# Exercise aim:
Write out all the entries word for word, but skip any images.

# Data provided:

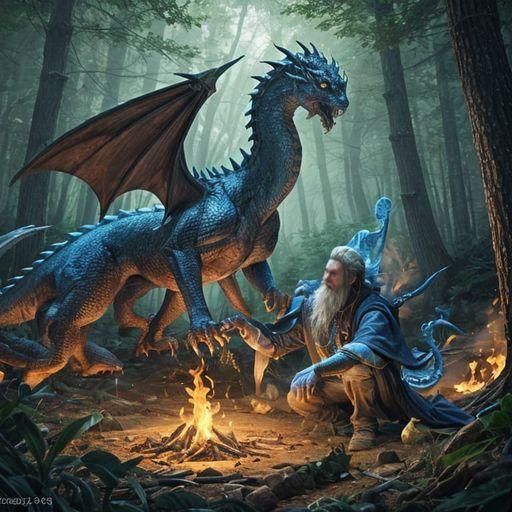 Wizard and Dragon Battle in Forest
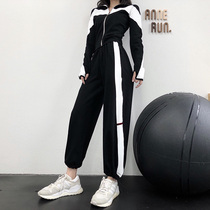 annerun sportswear womens two-piece autumn and winter leisure running fitness jacket Harlem pants handsome suit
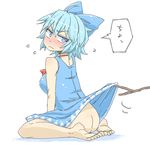  aono3 ass barefoot blue_eyes blue_hair blush bow cirno dress dress_lift feet from_behind full_body hair_bow looking_back no_panties simple_background sitting solo stick sweat touhou wariza 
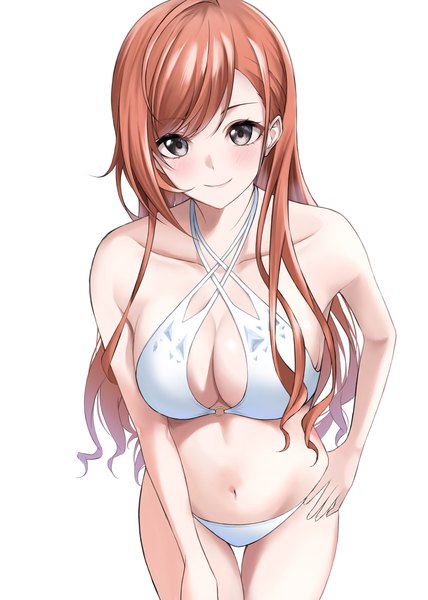 Anime picture 2335x3271 with idolmaster idolmaster shiny colors arisugawa natsuha ta 02ss single long hair tall image looking at viewer blush fringe highres breasts light erotic simple background smile brown hair large breasts standing white background black eyes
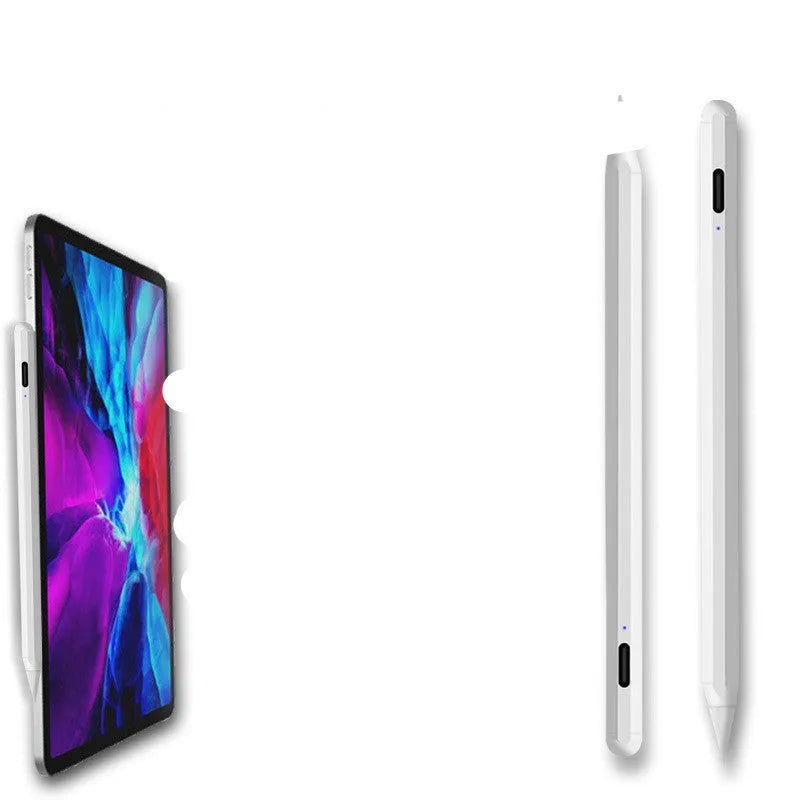 White magnetic stylus pen attached to the side of an iPad.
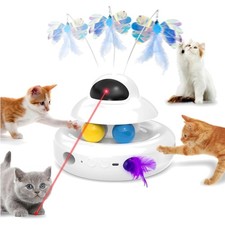Interactive Cat Toys for Indoor Cats 4-in-1 Self-Play Electronic Toy with Laser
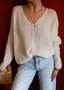 Casual Plain Autumn V neck Daily Long sleeve Wool/Knitting H-Line Regular Size Sweater for Women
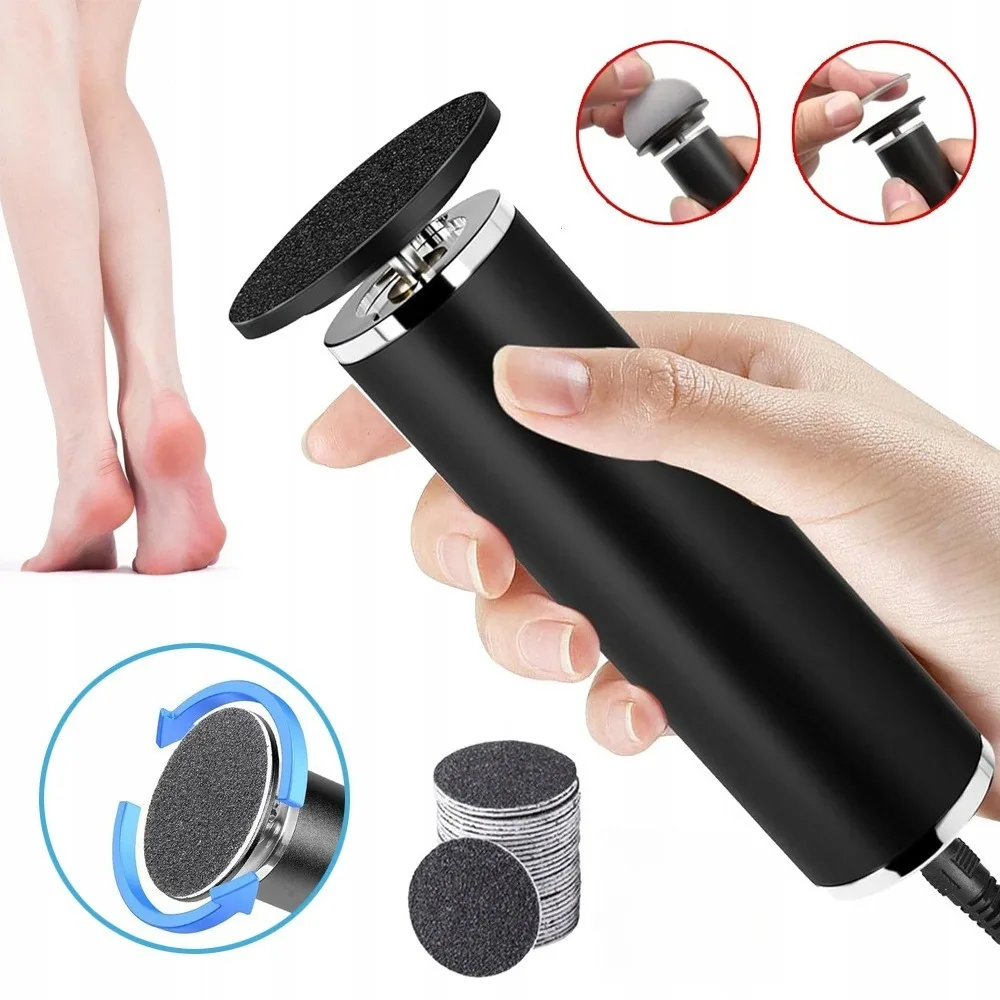 Lime à pieds électrique pour éliminer les callosités, lime à pieds professionnelle pour pédicure, vitesse réglable, ponceuse à pieds avec disques de papier abrasif de rechange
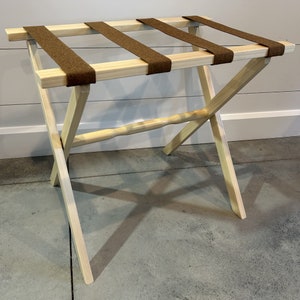 Natural Straight Leg Wood Luggage Rack with Teak Sunbrella Straps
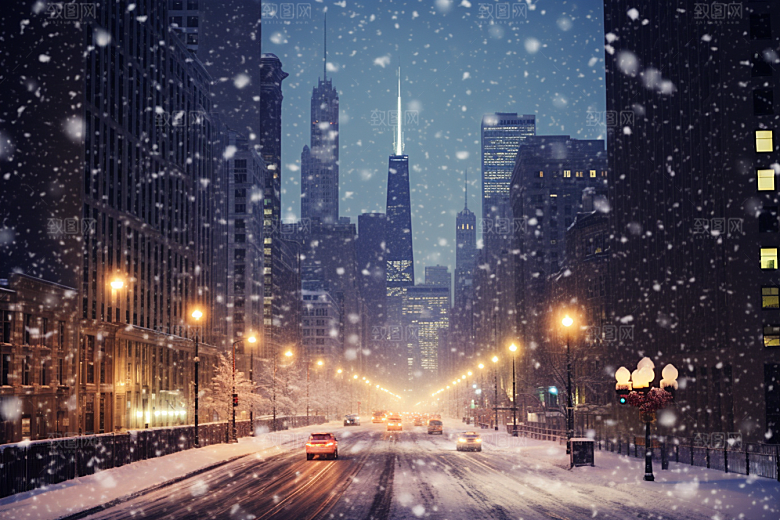 城市雪景安静下雪的都市原画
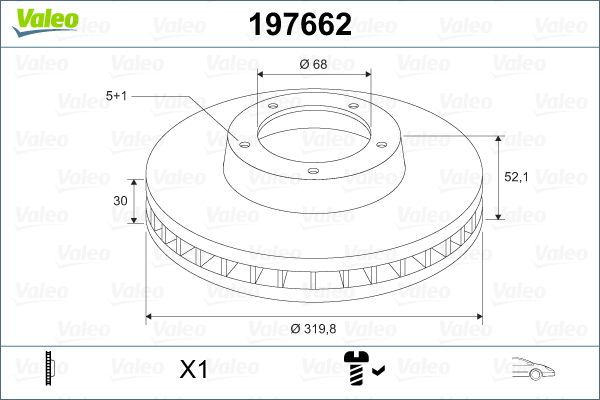 Brake Disc - 197662 VALEO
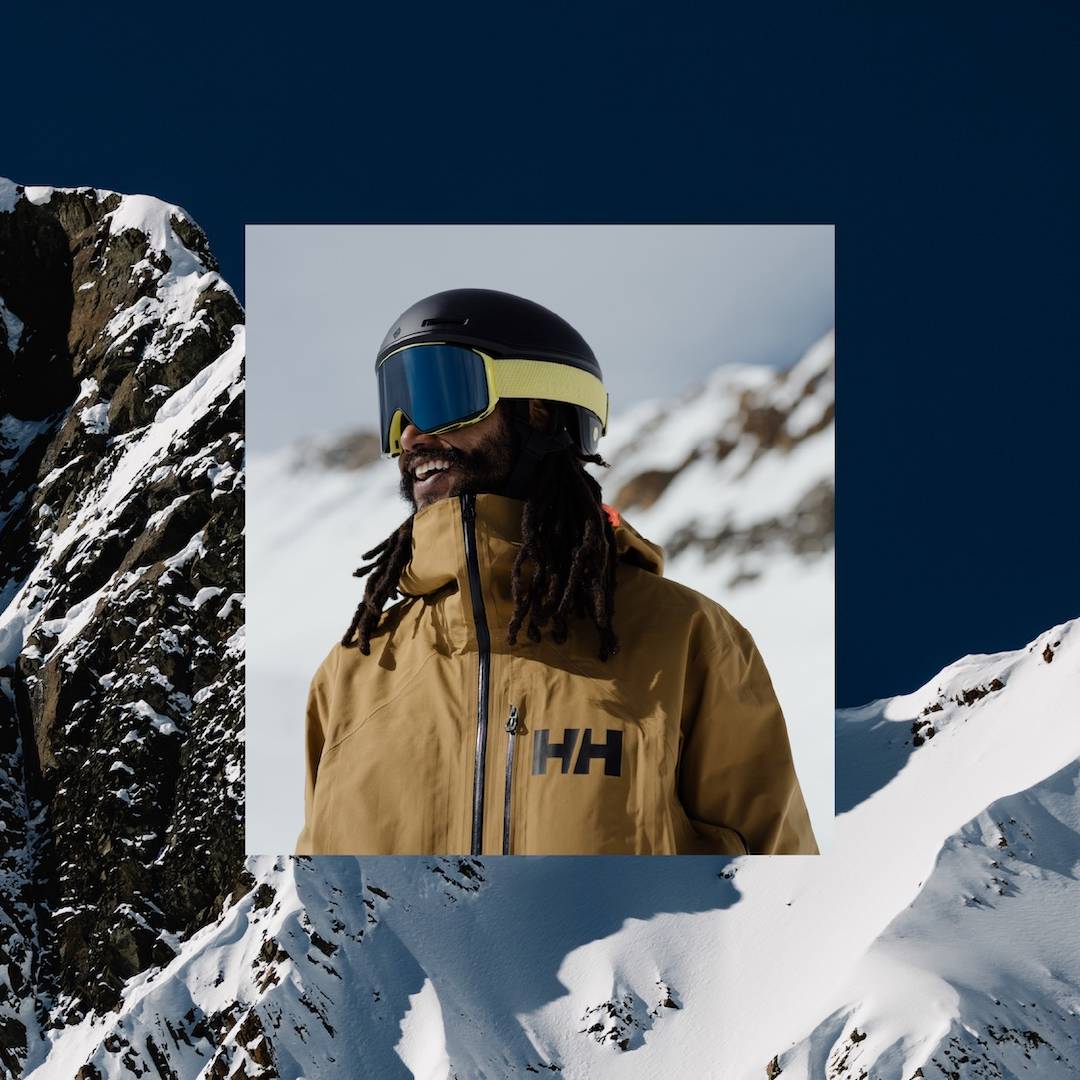 Image of a man smiling in ski gear overlayed over a snowy mountain landscape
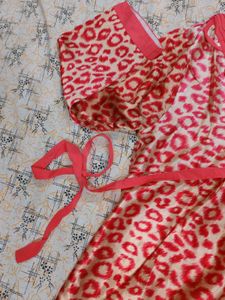 New Animal Print Satin Top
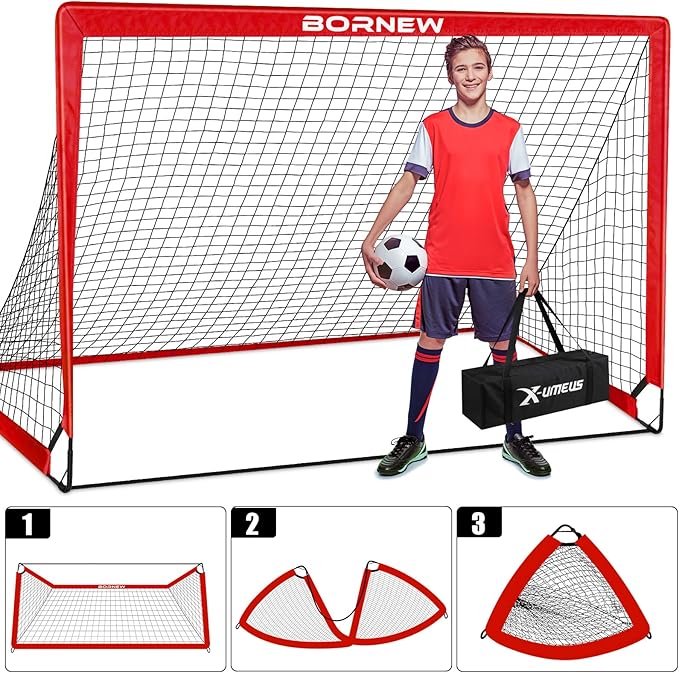 Kids Soccer Goal for Backyard Set - 2 Set of 6X4 / 4X3 ft Toddler Soccer Nets Training Equipment, Soccer Ball, Pop Up Portable Soccer Set for Kids and Youth Games and Training Goals Ages 3-16 Gift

# Completed task:
 Wizard and Dragon Battle in Forest
 annerun sportswear womens two-piece autumn and winter leisure running fitness jacket Harlem pants handsome suit
  aono3 ass barefoot blue_eyes blue_hair blush bow cirno dress dress_lift feet from_behind full_body hair_bow looking_back no_panties simple_background sitting solo stick sweat touhou wariza 
 Anime picture 2335x3271 with idolmaster idolmaster shiny colors arisugawa natsuha ta 02ss single long hair tall image looking at viewer blush fringe highres breasts light erotic simple background smile brown hair large breasts standing white background black eyes
 White magnetic stylus pen attached to the side of an iPad.
Interactive Cat Toys for Indoor Cats 4-in-1 Self-Play Electronic Toy with Laser
 Casual Plain Autumn V neck Daily Long sleeve Wool/Knitting H-Line Regular Size Sweater for Women
 Lime à pieds électrique pour éliminer les callosités, lime à pieds professionnelle pour pédicure, vitesse réglable, ponceuse à pieds avec disques de papier abrasif de rechange
 Natural Straight Leg Wood Luggage Rack with Teak Sunbrella Straps
 城市雪景安静下雪的都市原画
 Brake Disc - 197662 VALEO
 Image of a man smiling in ski gear overlayed over a snowy mountain landscape
 New Animal Print Satin Top
 Kids Soccer Goal for Backyard Set - 2 Set of 6X4 / 4X3 ft Toddler Soccer Nets Training Equipment, Soccer Ball, Pop Up Portable Soccer Set for Kids and Youth Games and Training Goals Ages 3-16 Gift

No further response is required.